◆ PROBLEM STATEMENT
Please copy, exactly and with no pictures, only the lines from the one containing "WI license plate 544PYV" through the last line of the records.

◆ PROVIDED ENTRIES
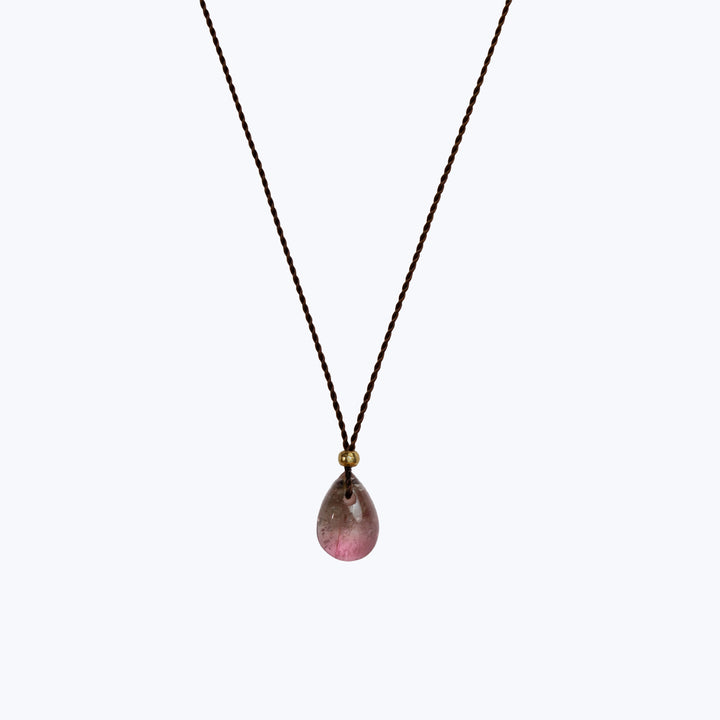 Image for Pink Opal + 18Kt Dove Necklace MS 426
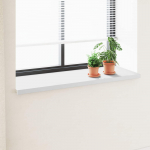 Akna aluskate Valge 140 x 50 x 4,5 cm PVC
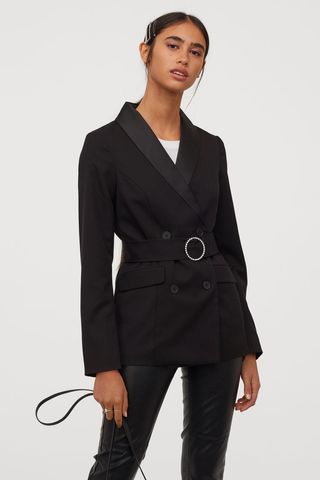 H&M + Double-Breasted Tuxedo Jacket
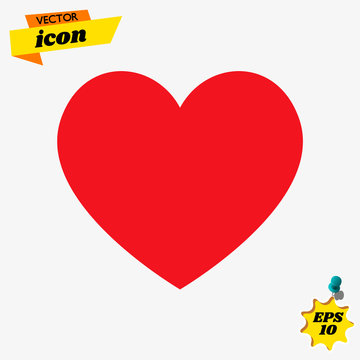 Red Heart Shape.Like Icon Of Black Heart. Social Media Icon For For Instagram. Vector Eps10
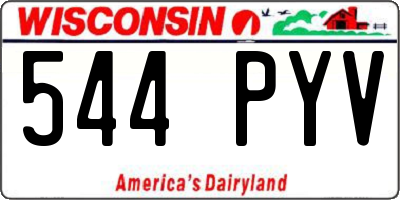 WI license plate 544PYV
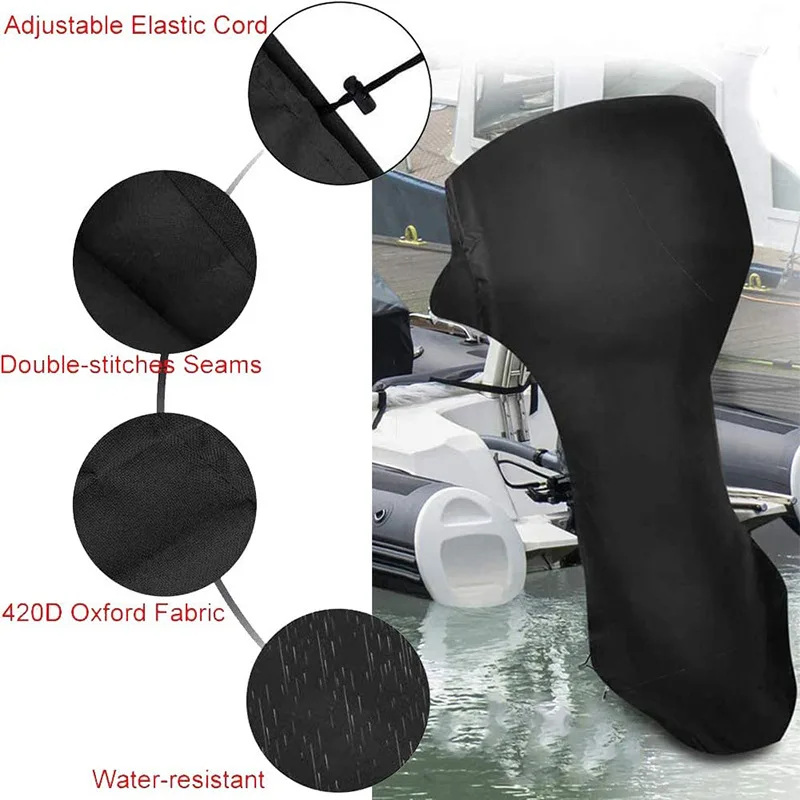 600D Boat Outboard Motor Cover Waterproof UV-Proof Full Fade Crack Resistant Heavy-Duty Engine Protector Canvas boat cover,fishing boat cover,outboard motor cover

◆ ANSWER FOR THIS EXERCISE
 WI license plate 544PYV
 600D Boat Outboard Motor Cover Waterproof UV-Proof Full Fade Crack Resistant Heavy-Duty Engine Protector Canvas boat cover,fishing boat cover,outboard motor cover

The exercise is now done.